Physics-informed neural networks modeling for systems with moving immersed boundaries: application to an unsteady flow past a plunging foil
Rahul Sundar, Dipanjan Majumdar, Didier Lucor, Sunetra Sarkar
TL;DR
This work addresses unsteady flows past moving immersed boundaries by introducing two immersed boundary aware PINN variants: MB-PINN, which solves the fluid NS equations in a fixed Eulerian grid, and MB-IBM-PINN, which augments the physics loss with solid-region terms. They demonstrate pressure recovery and velocity reconstruction for a plunging, 2D elliptic foil at $Re=500$, using a fixed-domain IBM description and comparing recovered pressure against an ALE solver. A fluid–solid partition of the physics loss, with weights $\lambda_{fluid}$ and $\lambda_{solid}$, reveals that MB-PINN can outperform MB-IBM-PINN when solid motion is known a priori, while MB-IBM-PINN can match MB-PINN under suitable weighting; data-efficiency is further enhanced via a physics-based vorticity-cutoff sampling strategy, achieving large data reductions with preserved accuracy. The findings establish data-efficient, non-body-attached PINN surrogates for complex moving-boundary flows and point to future work on adaptive loss balancing and parametric generalization for broader applicability.
Abstract
Recently, physics informed neural networks (PINNs) have been explored extensively for solving various forward and inverse problems and facilitating querying applications in fluid mechanics applications. However, work on PINNs for unsteady flows past moving bodies, such as flapping wings is scarce. Earlier studies mostly relied on transferring to a body attached frame of reference which is restrictive towards handling multiple moving bodies or deforming structures. Hence, in the present work, an immersed boundary aware framework has been explored for developing surrogate models for unsteady flows past moving bodies. Specifically, simultaneous pressure recovery and velocity reconstruction from Immersed boundary method (IBM) simulation data has been investigated.

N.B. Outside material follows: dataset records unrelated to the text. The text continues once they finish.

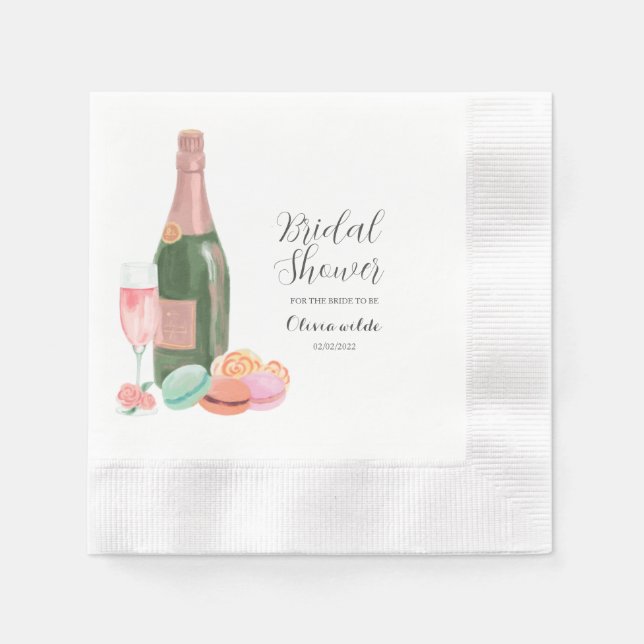 Serviette En Papier Douche de mariée rose rétro (Devant)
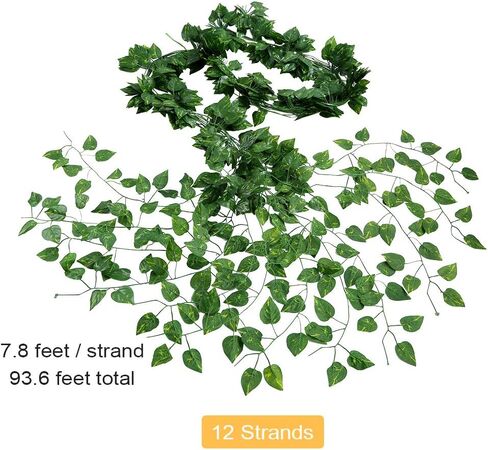 auihiay 93 قدم 12 فروع نبات اللبلاب الاصطناعي نبات إكليل الكرمة و 24 قطعة أوراق النخيل الاصطناعية للمنزل جدار حديقة استحمام الطفل حفل زفاف ديكور المنزل in Kuwait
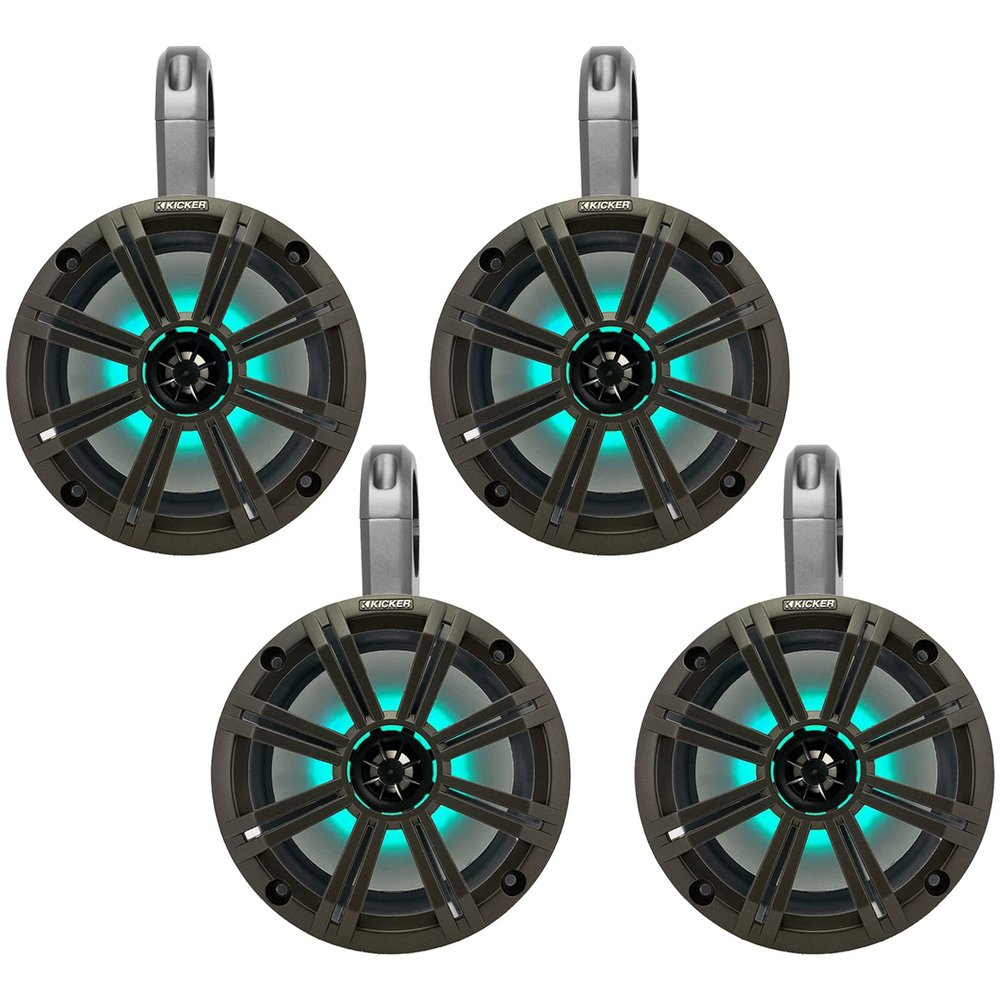 2 Pair (QTY 4) of Kicker 8" 2-Way 300 Watts Max Power Coaxial Marine Audio MultiColor LED Speakers with Charcoal Grilles, (QTY 4) 8" Marine Tower Speaker Enclosures - Black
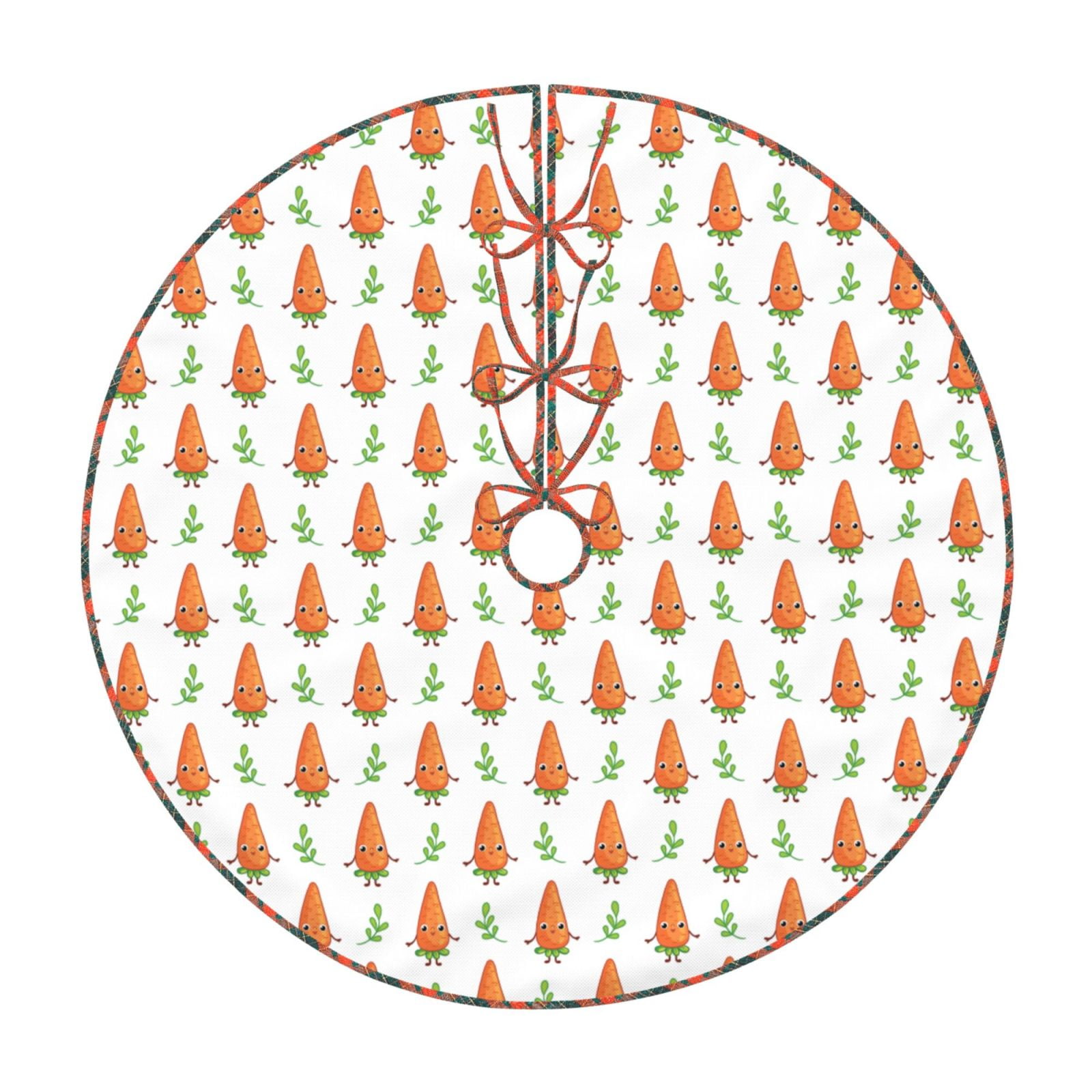 Teaboi Cute Carrot Print for Christmas Tree Skirt, Christmas Tree ...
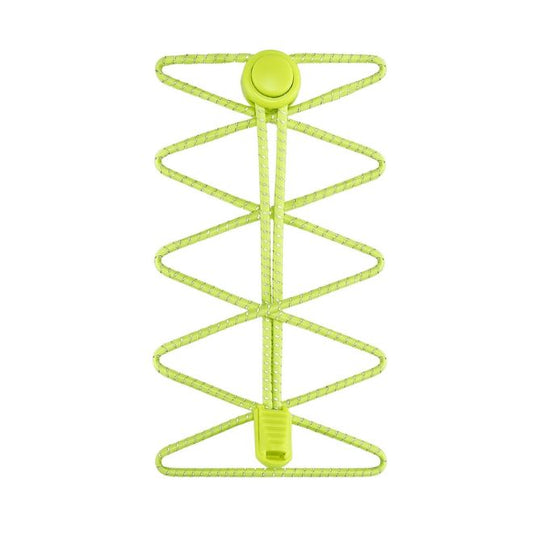 1 pair of elastic reflective shoelaces with quick-release fastener (Ø 3 mm, length 100 cm) - ReflectLite Series - neon yellow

While, efficacy of velocity reconstruction has been tested against the fine resolution IBM data, as a step further, the pressure recovered was compared with that of an arbitrary Lagrange Eulerian (ALE) based solver. Under this framework, two PINN variants, (i) a moving-boundary-enabled standard Navier-Stokes based PINN (MB-PINN), and, (ii) a moving-boundary-enabled IBM based PINN (MB-IBM-PINN) have been formulated. A fluid-solid partitioning of the physics losses in MB-IBM-PINN has been allowed, in order to investigate the effects of solid body points while training. This enables MB-IBM-PINN to match with the performance of MB-PINN under certain loss weighting conditions. MB-PINN is found to be superior to MB-IBM-PINN when {\it a priori} knowledge of the solid body position and velocity are available. To improve the data efficiency of MB-PINN, a physics based data sampling technique has also been investigated. It is observed that a suitable combination of physics constraint relaxation and physics based sampling can achieve a model performance comparable to the case of using all the data points, under a fixed training budget.